*GOAL OF THE EXERCISE*.
Could you set down only the lines from the one including "I Play Rugby What's Your Super Power?" to the end of the records below, inclusive and exact, leaving pictures out?

BEGIN DATA EXTRACT

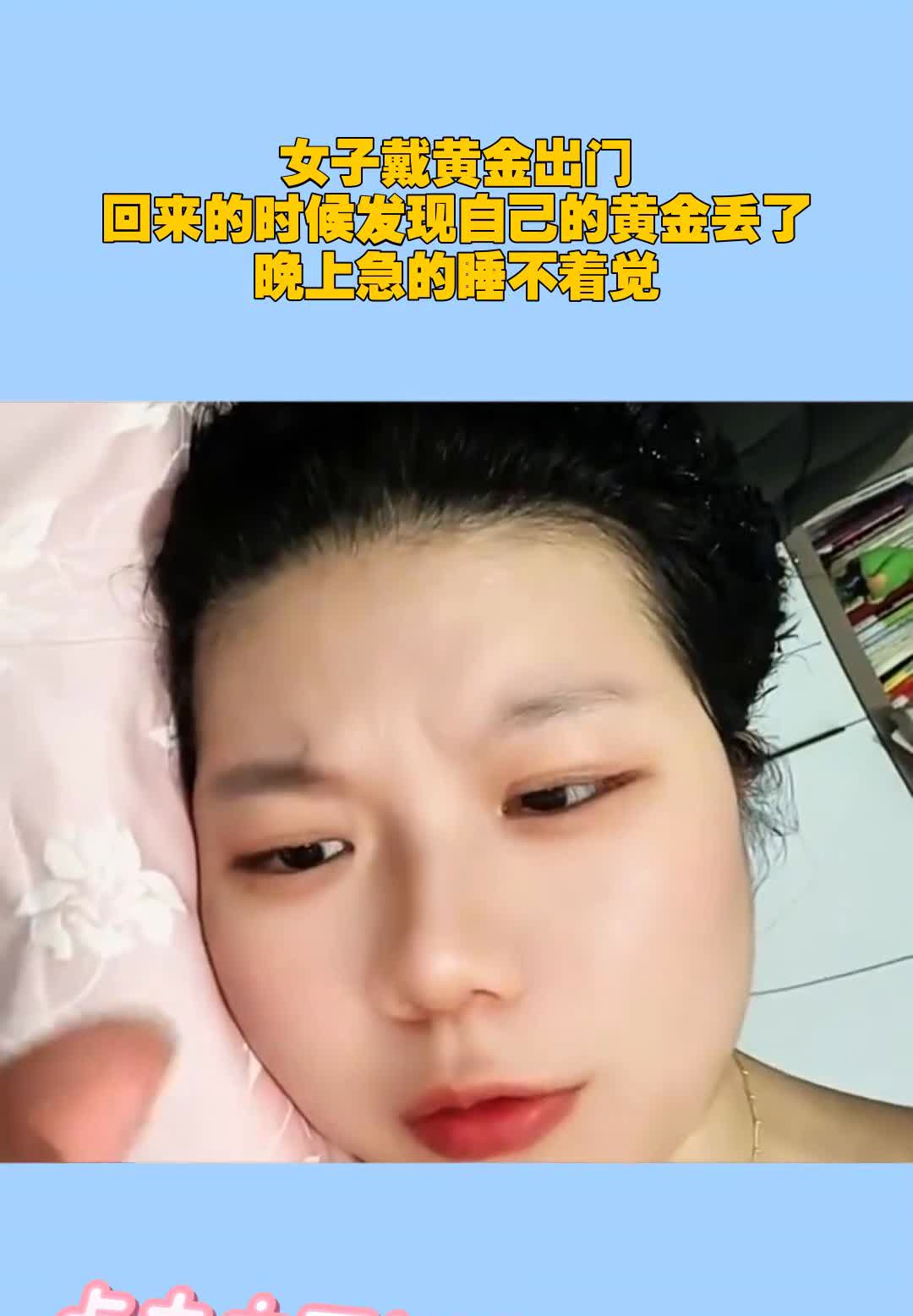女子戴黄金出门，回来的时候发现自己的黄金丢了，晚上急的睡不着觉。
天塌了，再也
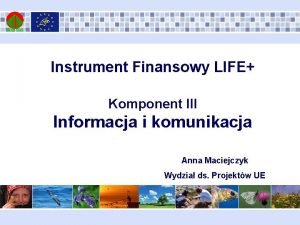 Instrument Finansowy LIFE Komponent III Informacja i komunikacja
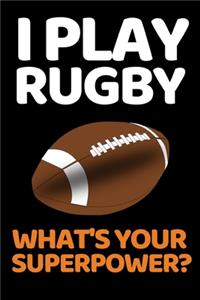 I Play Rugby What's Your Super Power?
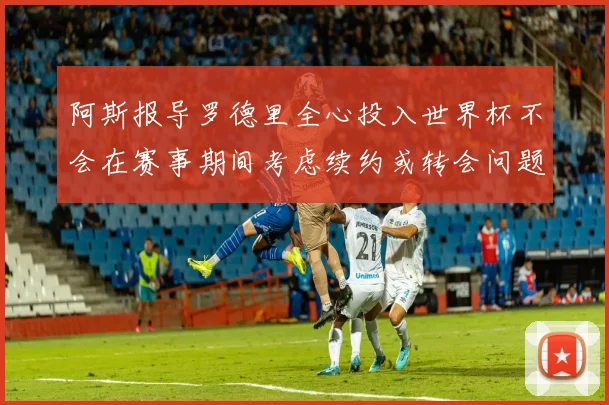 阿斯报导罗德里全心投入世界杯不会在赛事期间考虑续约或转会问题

END DATA EXTRACT

*WRITTEN SOLUTION*.
 I Play Rugby What's Your Super Power?
 阿斯报导罗德里全心投入世界杯不会在赛事期间考虑续约或转会问题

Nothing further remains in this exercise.